Why is this code invalid without constexpr:
template<typename ...Tpack>
auto CalculateSum(Tpack ...pack)
{
if constexpr (sizeof...(Tpack) > 0)
return (pack + ...);
else
return 0;
}
int main()
{
std::cout << CalculateSum(2, 3, 4, 5, 7.5, 6) << '\n';
}
whereas if there are only int in the arguments, it gets valid.
Compiler says: 'auto' in return type deduced as 'int' here but deduced as 'double' in earlier return statement
But how does constexpr resolves?
The reason you need the if constexpr instead of a plain if is that you are trying to return two different types, which is not allowed with automatic return type deduction.
With return (pack + ...); the return type is going to be double because one of your parameters is a double. On the other hand, return 0; is going to return an int. Since those type do not match, you get an error.

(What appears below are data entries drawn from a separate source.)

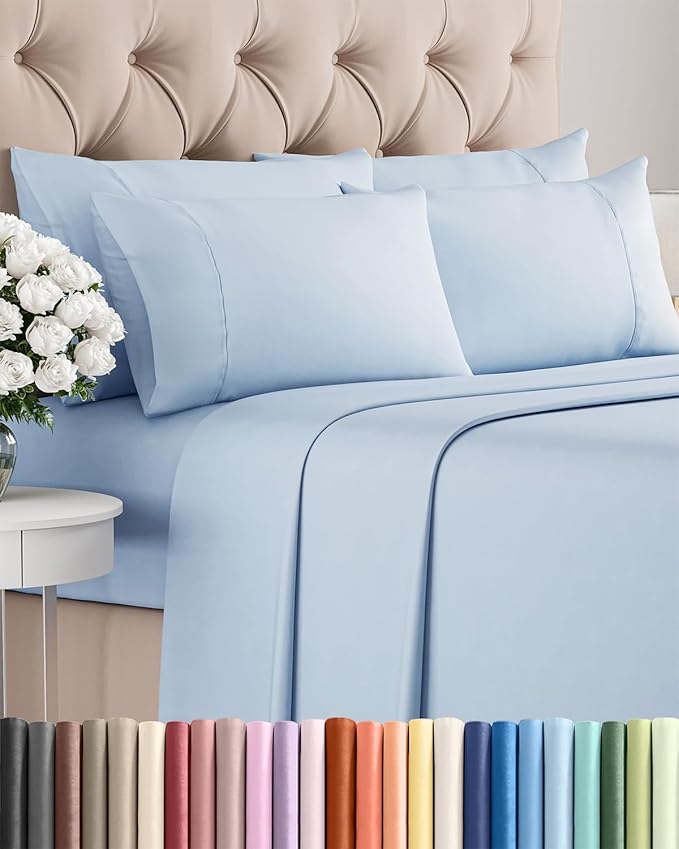 Cal King 6 Piece Sheet Set - Cooling, Comfy & Breathable - Hotel Luxury Bedding, Includes Fitted Sheet for Women, Men, Kids & Teens - 1 Flat, 1 Fitted Sheet, 4 Pillowcases w/Deep Pockets - Sky Blue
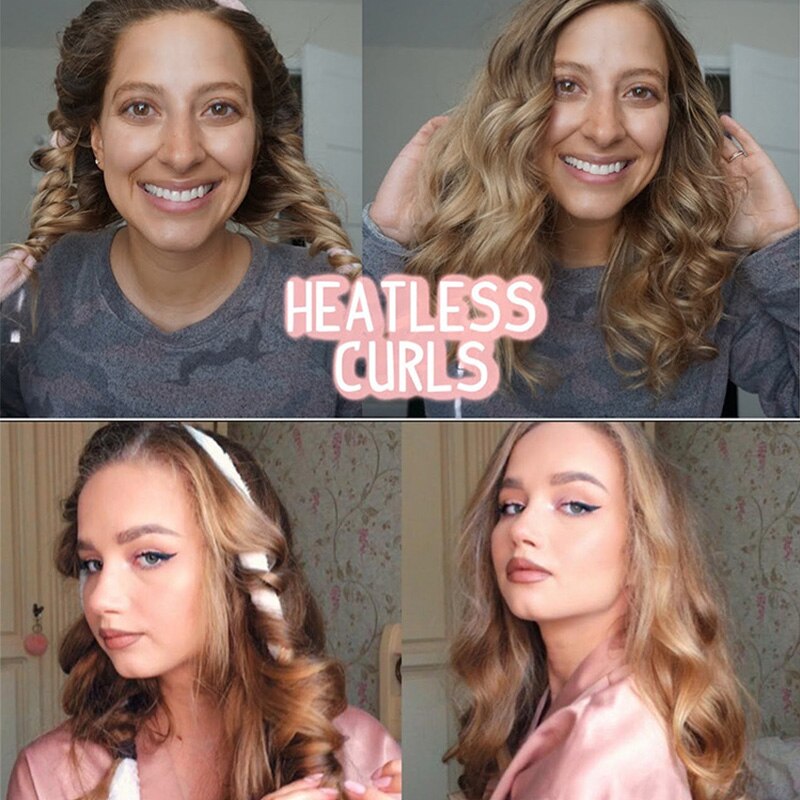 Ruban pour boucler les cheveux sans chaleur, rouleau pour cheveux, ruban pour boucler les cheveux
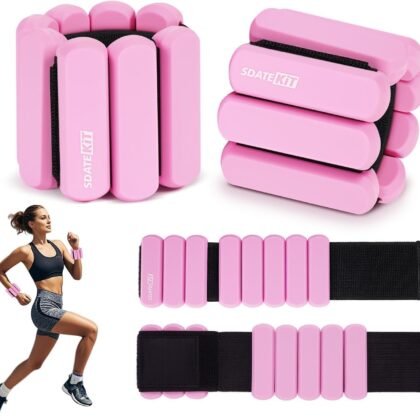 Wrist and Ankle Weights for Women & Men 2 Pack (1lb Each), Adjustable Silicone Weighted Bracelet for Pilates, Gym, Yoga, Cardio & Strength Training, Bala-Style Bangles Slip-Free Design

You need to if constexpr to make either return (pack + ...); or return 0; be the only line of code that actually gets compiled, which leaves you with just a single type that the function could return.
If you switch to using a trailing return type, you can get rid of the if constexpr and use a plain if like
template<typename ...Tpack>
auto CalculateSum(Tpack ...pack) -> decltype((pack + ...))
{
if (sizeof...(Tpack) > 0)
return (pack + ...);
else
return {};
}
But that isn't DRY and is more typing, so I prefer the if constexpr version.